Song
- Published: 1953
- Genre: Show tune
- Composer: Richard Rodgers
- Lyricist: Oscar Hammerstein II

= No Other Love (Rodgers and Hammerstein song) =

Rodgers and Hammerstein show tune

"No Other Love" is a show tune from the 1953 Rodgers and Hammerstein musical Me and Juliet.

==Background==
Richard Rodgers originally composed this tune (with the title "Beneath the Southern Cross") for the NBC television series Victory at Sea (1952/1953). When Rodgers and Oscar Hammerstein II collaborated on Me and Juliet, Rodgers took his old melody and set it to new words by Hammerstein, producing the song "No Other Love". The song has a tango rhythm (referred to by Rodgers as a "languid tango" in his autobiography, Musical Stages).

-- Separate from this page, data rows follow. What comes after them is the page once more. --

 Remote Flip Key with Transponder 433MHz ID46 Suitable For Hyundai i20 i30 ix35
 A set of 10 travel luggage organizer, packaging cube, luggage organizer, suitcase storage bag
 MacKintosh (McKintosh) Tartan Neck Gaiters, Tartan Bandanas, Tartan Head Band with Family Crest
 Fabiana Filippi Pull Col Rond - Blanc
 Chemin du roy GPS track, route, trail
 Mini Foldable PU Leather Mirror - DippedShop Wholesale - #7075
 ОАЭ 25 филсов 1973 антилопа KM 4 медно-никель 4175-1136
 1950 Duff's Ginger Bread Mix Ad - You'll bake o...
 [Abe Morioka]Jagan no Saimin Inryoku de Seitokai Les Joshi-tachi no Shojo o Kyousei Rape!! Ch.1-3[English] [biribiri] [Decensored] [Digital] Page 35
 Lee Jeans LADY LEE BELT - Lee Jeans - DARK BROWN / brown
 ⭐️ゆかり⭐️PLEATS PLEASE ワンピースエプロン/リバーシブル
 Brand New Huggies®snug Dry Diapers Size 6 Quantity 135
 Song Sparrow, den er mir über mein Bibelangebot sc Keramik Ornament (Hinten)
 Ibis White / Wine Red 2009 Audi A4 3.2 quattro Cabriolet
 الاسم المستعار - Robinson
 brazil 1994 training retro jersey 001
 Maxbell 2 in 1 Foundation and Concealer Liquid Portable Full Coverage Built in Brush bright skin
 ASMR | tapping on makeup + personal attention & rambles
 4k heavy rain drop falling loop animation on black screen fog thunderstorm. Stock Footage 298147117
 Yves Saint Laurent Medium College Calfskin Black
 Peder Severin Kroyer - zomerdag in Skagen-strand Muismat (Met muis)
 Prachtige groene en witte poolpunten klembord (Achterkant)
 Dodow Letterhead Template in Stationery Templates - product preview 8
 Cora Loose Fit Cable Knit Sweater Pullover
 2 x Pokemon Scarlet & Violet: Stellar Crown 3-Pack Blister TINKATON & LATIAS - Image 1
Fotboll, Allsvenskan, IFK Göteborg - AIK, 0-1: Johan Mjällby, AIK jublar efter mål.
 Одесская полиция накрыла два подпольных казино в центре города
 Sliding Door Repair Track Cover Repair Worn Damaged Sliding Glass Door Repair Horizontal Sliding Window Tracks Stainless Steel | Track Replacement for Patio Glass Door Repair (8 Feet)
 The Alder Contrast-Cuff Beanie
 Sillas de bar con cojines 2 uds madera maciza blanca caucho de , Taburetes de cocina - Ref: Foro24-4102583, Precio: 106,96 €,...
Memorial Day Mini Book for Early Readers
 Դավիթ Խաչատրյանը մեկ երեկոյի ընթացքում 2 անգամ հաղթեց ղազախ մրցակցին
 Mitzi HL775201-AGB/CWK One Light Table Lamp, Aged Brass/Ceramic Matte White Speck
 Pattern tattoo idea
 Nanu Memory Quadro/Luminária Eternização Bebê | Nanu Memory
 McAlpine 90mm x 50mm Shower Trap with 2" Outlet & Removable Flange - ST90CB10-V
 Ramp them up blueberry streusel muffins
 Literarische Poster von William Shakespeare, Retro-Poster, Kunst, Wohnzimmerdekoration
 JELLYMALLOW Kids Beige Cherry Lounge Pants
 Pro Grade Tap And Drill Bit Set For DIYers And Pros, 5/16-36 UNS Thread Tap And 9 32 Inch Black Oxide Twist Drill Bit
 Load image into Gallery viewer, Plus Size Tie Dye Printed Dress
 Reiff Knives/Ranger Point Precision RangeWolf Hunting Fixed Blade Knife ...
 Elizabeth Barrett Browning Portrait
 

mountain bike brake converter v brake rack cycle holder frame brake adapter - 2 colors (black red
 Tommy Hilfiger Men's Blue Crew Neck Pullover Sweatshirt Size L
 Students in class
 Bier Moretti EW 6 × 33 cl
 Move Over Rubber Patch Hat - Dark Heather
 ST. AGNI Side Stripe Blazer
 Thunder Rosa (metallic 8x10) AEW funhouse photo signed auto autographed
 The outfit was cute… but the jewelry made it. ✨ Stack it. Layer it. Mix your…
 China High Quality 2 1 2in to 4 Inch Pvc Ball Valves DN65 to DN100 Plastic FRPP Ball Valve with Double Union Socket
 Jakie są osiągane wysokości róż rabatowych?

The 1953 song should not be confused with "No Other Love", a song of 1950. The melody for the 1950 song was taken from Étude in E major, Op. 10, No. 3 by Frédéric Chopin.

==Other recordings==
- Vikki Carr included in her album Discovery II (1964).
- Perry Como recorded the Rodgers and Hammerstein song on May 19, 1953, which was released by RCA Victor. The record reached No. 1 on both the Billboard and Cash Box charts in August 1953.
- Bing Crosby recorded it for Decca Records on December 31, 1953 and it was also included on his LP Bing Sings the Hits.
- Michael Feinstein - included in his 1988 album Isn't It Romantic.
- Ella Fitzgerald included the song on her album Ella Sings Broadway (1963).
- Ronnie Hilton - his 1956 version reached No. 1 for six weeks on the UK Singles Chart.
- Edmund Hockridge - reached No. 24 in the UK charts in 1956.
- Jay and the Americans released a cover version of the song in 1968 which reached No. 119 in the Billboard charts.
- The Johnston Brothers reached No. 22 in the UK charts in 1956.
- Mantovani for his Decca album Songs To Remember (1960).
- Helen O'Connell recorded for Capitol (2487) in 1953.
- Keely Smith included in her album Because You're Mine (1962).
- Victory at Sea the instrumental only recording is used for Episode 10 Beneath the Southern Cross.